Nomination aux hautes fonctions. La réforme s’impose

Le cadre juridique actuel est jugé lacunaire par l’exécutif lui-même. Le gouvernement qui s’est engagé à réviser la loi organique de 2012 et son décret d’application est appelé à accélérer le rythme de cette réforme. Une commission indépendante permettra d’instaurer la transparence tant espérée.
Le gouvernement est très attendu sur la réforme de la procédure de nomination aux fonctions supérieures. Pour la énième fois, le ministre de la Réforme de l’administration et de la fonction publique, Mohamed Benabdelkader, a été interpellé par les parlementaires sur ce dossier. L’exécutif est pointé doigt pour le manque de transparence en matière d’accès aux postes de responsabilité. Le parlementaire de l’Istiqlal, Rahal Mekkaoui, n’y va pas avec le dos de la cuillère : «les nominations aux hautes fonctions sont dictées par le clientélisme, le copinage, l’affiliation partisane…Les critères sont fixés selon les résultats voulus». Benabdelkader reconnait que la procédure actuelle ne répond pas aux principes constitutionnels et devra, ainsi, être amendée. L’article 92 de la loi fondamentale met l’accent sur les critères d’égalité de chances, de mérite, de compétence et de transparence.
Ces principes devaient être incarnés dans la loi organique relative à la nomination aux fonctions supérieures de 2012. Mais, comme le précise le ministre de tutelle, cette loi n’était pas peut-être précise dans la mise en oeuvre des principes de la loi fondamentale et est marquée par un vide juridique qu’il conviendrait de combler. La loi s’est contentée d’énumérer des principes tout en laissant au décret le soin de fixer les différentes modalités.
Ce texte, rappelons-le, stipule la création auprès de l’autorité gouvernementale concernée d’une commission chargée de définir les critères de sélection des candidats aux fonctions supérieures.
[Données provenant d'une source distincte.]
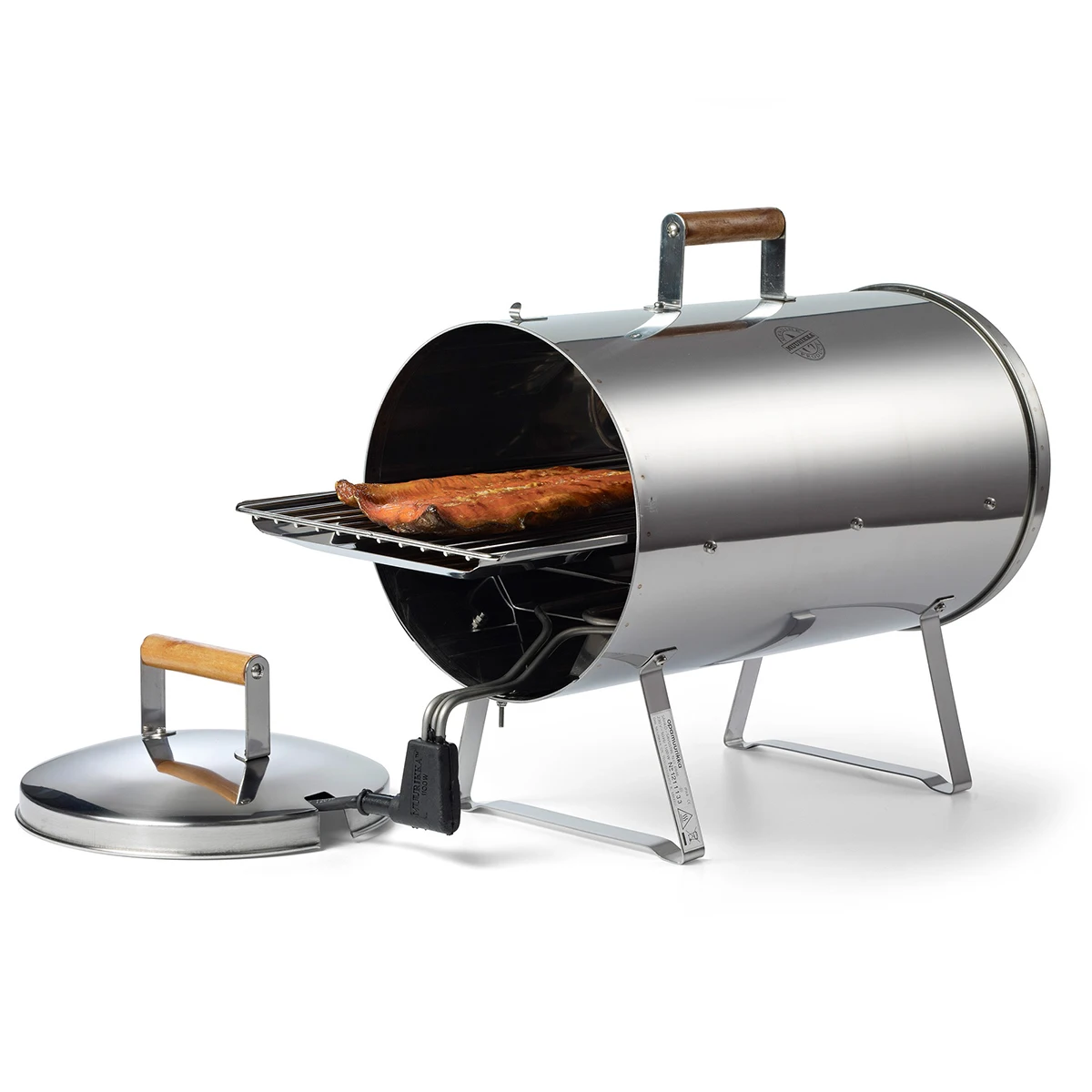 Electric smoking stove stainless steel domestic American balcony barbecue grill
Electric smoking stove stainless steel domestic American balcony barbecue grill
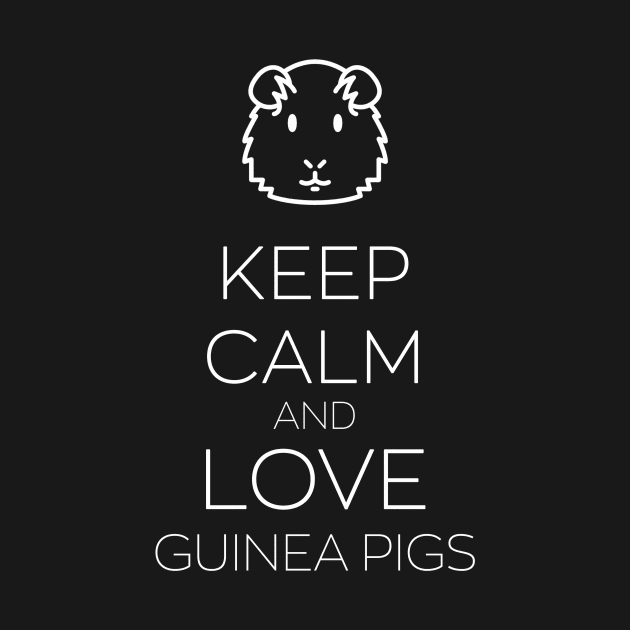 Keep Camp & Love Guinea Pig | Guinea Lover by CathyStore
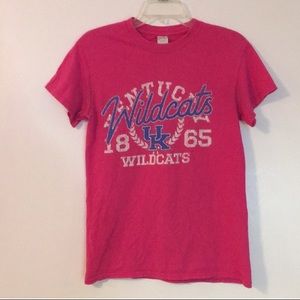 Kentucky Wildcats Pink Fan T-Shirt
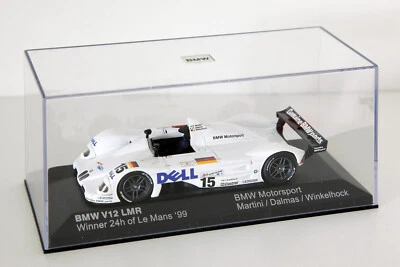 1:43  BMW V12 LMR n° 15 winner 24h Le Mans 1999 - Minichamps promo BMW - Immagine 1 di 4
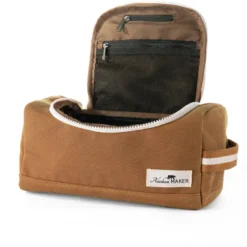 Trousse de toilette kenai moutarde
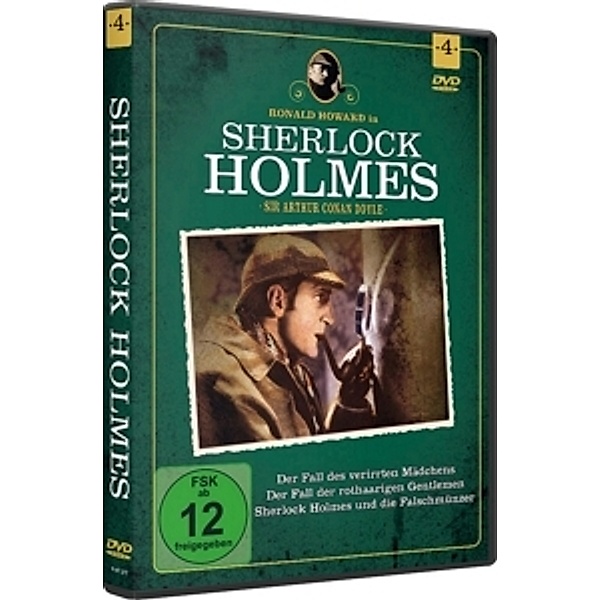 Sherlock Holmes 4, Howard Marion-Crawford,Archie Dun Ronald Horward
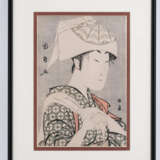 Okubi-e - Japanese woodblock print portraits - photo 14
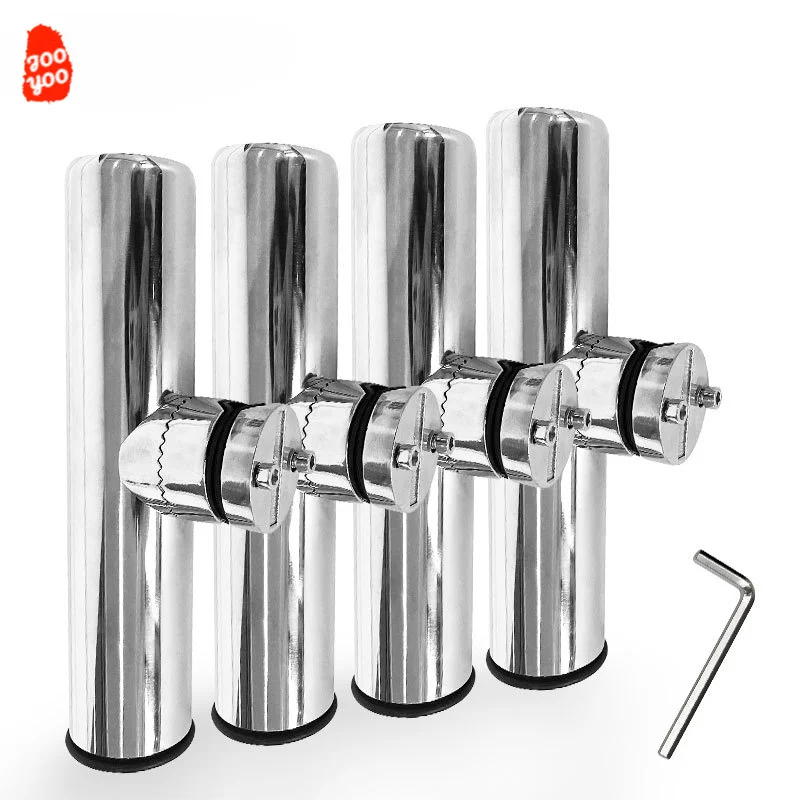 Aço Inoxidável Vara De Pesca T - Fishing Rod Rack avaliação e preço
Le ministère de la Réforme de l’administration et de la Fonction publique a constaté l’existence de grandes disparités entre les départements dans la définition des conditions d’accès aux hautes fonctions au point que «l’on tend presque à effacer les principes constitutionnels », pour reprendre l’expression de Benabdelkader qui affiche sa conviction de la nécessité de réviser non seulement le décret mais aussi la loi y afférent.
Le Maroc entend s’inspirer des expériences internationales réussies pour unifier les critères de sélection des candidats et instaurer la transparence et l’équité des chances tant espérées. Sous d’autres cieux, c’est une commission indépendante qui est chargé de définir les critères de sélection et de choisir les candidats pour les postes de responsabilité dans la fonction publique. La Cour des comptes avait fait référence à l’expérience de la Belgique qui est dotée d’un organe central spécialisé chargé de recruter les collaborateurs statutaires pour les services publics fédéraux, les communautés et les régions. Ce bureau publie régulièrement des offres d’emploi. Pour pouvoir être engagés, les candidats doivent passer par un processus de sélection pour établir un classement. Cet organe spécialisé dispose d’une liste qui fait office de réserve de recrutement. Il est grand temps de mettre fin à la situation actuelle. Il faut dire que depuis l’adoption du nouveau cadre juridique relatif aux nominations aux fonctions supérieures en 2012, on a de plus en plus tendance à politiser l’administration en nommant des cadres appartenant aux partis politiques de la majorité gouvernementale. Une situation vertement critiquée par l’opposition car on estime que le fonctionnaire doit être neutre et impartial même si l’administration est un organe d’exécution des orientations stratégiques du gouvernement. Le groupe parlementaire du PAM à la chambre basse avait même brandi la menace de la formation d’une commission d’enquête parlementaire sur ce dossier. Le gouvernement est appelé à accélérer le rythme de la réforme de la procédure actuelle. Le projet révision de ce texte préparé par le ministère de la Réforme de l’administration et de la Fonction publique a été introduit il y a quelques semaines dans le circuit législatif, comme nous l’avons déjà souligné aux Inspirations ECO.
Le principal amendement a trait à la création d’une commission indépendante chargée de proposer au gouvernement des profils pour des postes-clés. C’est l’unique issue pour rétablir la confiance et mettre fin à la polémique enclenchée sur la transparence. Le gouvernement gardera le pouvoir de nomination, mais le processus de présélection devra être géré par une commission indépendante qui se chargera des appels à candidatures et des entretiens. Actuellement, les ministres disposent d’une grande marge de manoeuvre. Ils peuvent en effet à travers la commission de nomination orienter la sélection en déterminant des critères taillés sur mesure pour le candidat souhaité. La réforme de la procédure, qui est en vue, devra concerner dans une première phase les nominations des secrétaires généraux dont le décret va aussi être amendé et des directeurs généraux. Les critères de recrutement devront, ainsi, être unifiés pour l’ensemble des départements.